Monday, 14 May 2012

Mixed messages...

After Mistress R had read my last post, she told me that I seem to be giving her mixed messages about whether or not I want to be allowed to cum. As she pointed out, it wasn't that long ago that I was 'moaning' (not exactly) about the fact that she had allowed me to cum during our last Femdom session, and now the last two posts it sounds like I want to cum now...
Well this is the whole male chastity lifestyle in a nutshell isn't it?
Indecision, followed by more indecision...
So difficult to explain it to someone who has no desire to be frustrated and denied, and no real concept of how that would be in any way enjoyable.

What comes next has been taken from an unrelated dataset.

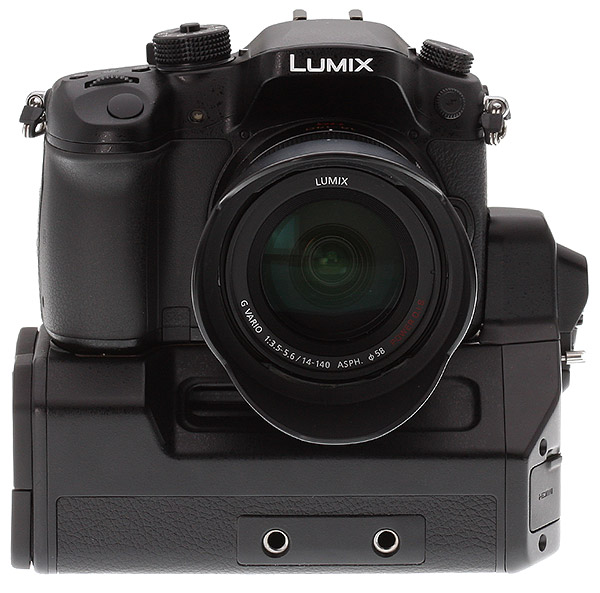 Panasonic GH4 Review -- Front view (prototype) with DMW-YAGH Interface Unit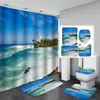 Cortinas litoral praia cenário impresso padrão cortina de chuveiro pedestal tapete tampa toalete tapete banho conjunto cortinas do banheiro com ganchos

Of course I love being allowed to cum, but I also love the feeling of being taken close and not allowed to take that last step, being left horny and desperate. I love how it makes me feel about my Mistress, how it makes us feel closer than 'normal' sex, how it leaves me wanting more physical contact with her, how it makes me want to worship her pussy, her ass and her feet whenever possible. I also love that my cock is harder and more reliable since we started this... money can't buy that.
The whole point of giving over control is that if it was left to me then I would fail over and over. Seriously, from emails I've received from people trying to implement self-denial, it's just not gonna happen. You might last a few days, maybe even a week or two, but more? I find that very hard to believe. The problem is when you get close your brain just rebel's and says 'What the hell are you doing... just cum, for fucks sake!'.

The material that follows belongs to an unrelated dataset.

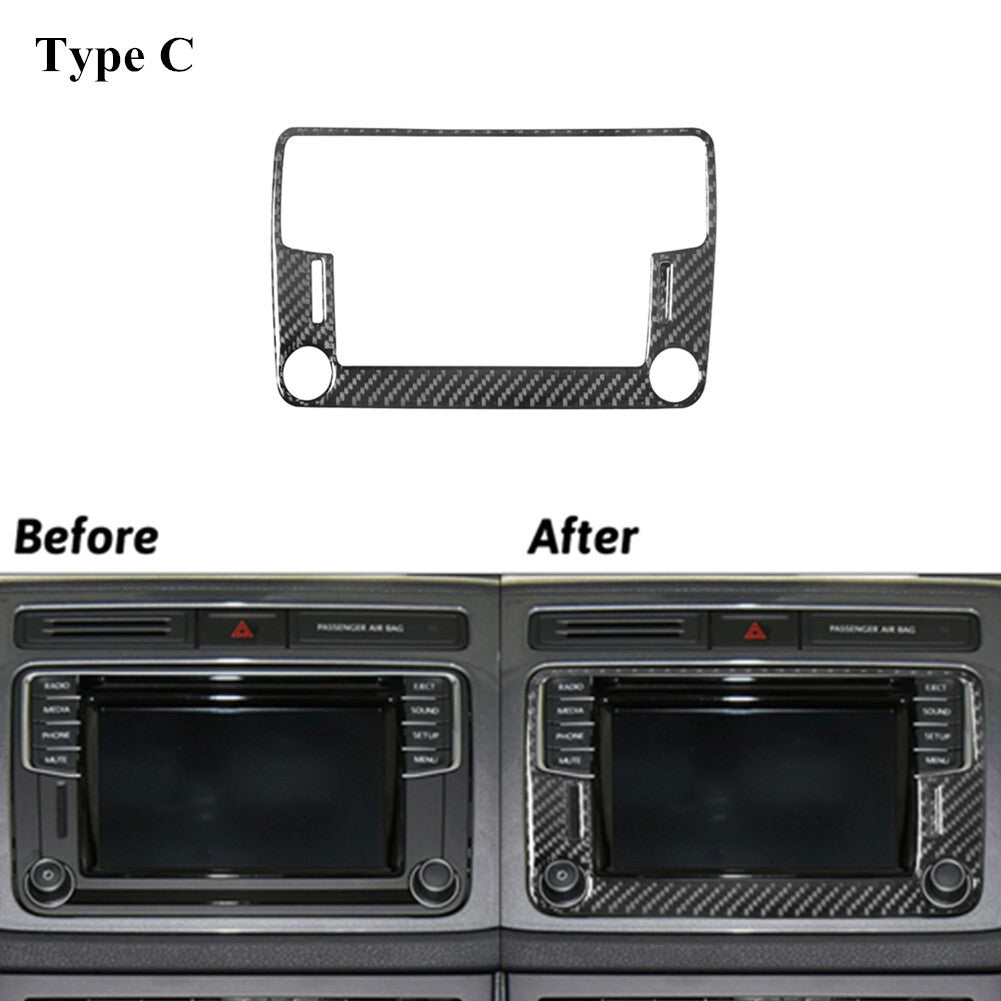 Carbon Fiber Navigation Console Cover Trim for Volkswagen for Tiguan 2013-2017 C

That's why you need someone else to decide, because you simply can't be trusted to make the right decision when you are that insane with need.
Hard to understand then how someone like me, who is not locked up for his own protection, could cope with what has now become 'normal' for us and not jerk myself off. Of course, I could, there's absolutely nothing stopping me, except my promise to Mistress R and the unknown consequences of that action. After all, if I broke Mistress R's trust once, why on earth would she want to continue this game? It would become pointless without that trust. So then you are into the area where you have to use a device to ensure that the rules are being followed, which is something that neither of us really want.
I think the key is that I know if I was that desperate, if I really couldn't take it anymore, I would just ask Mistress R to let me cum. Sure I'm not allowed to beg, as a matter of course, but if it was to the point where it was so bad that I was going to take matters into my own hands and breach her trust no matter what, then that is the better option.
Who knows what Mistress R would decide if it came to that. Perhaps she might attach some conditions, or punishment or something (we've never discussed it to be honest) I really don't know. But at least she would know that I was honest about it and it wouldn't prevent a continuation of the game afterwards.
If anyone would like to suggest any course of action for that eventuality I would be interested to hear your ideas. I thought maybe Mistress could whip or paddle me before/during/after she allowed me to cum, thereby ensuring that I wouldn't ask again unless I was absolutely desperate.... c'mon, give me some ideas, I know you guys have plenty of them!

*Incidentally, re the mixed messages thing, I simply reminded her that she really shouldn't take any notice of what I say, and that she should only let me cum when it pleased her.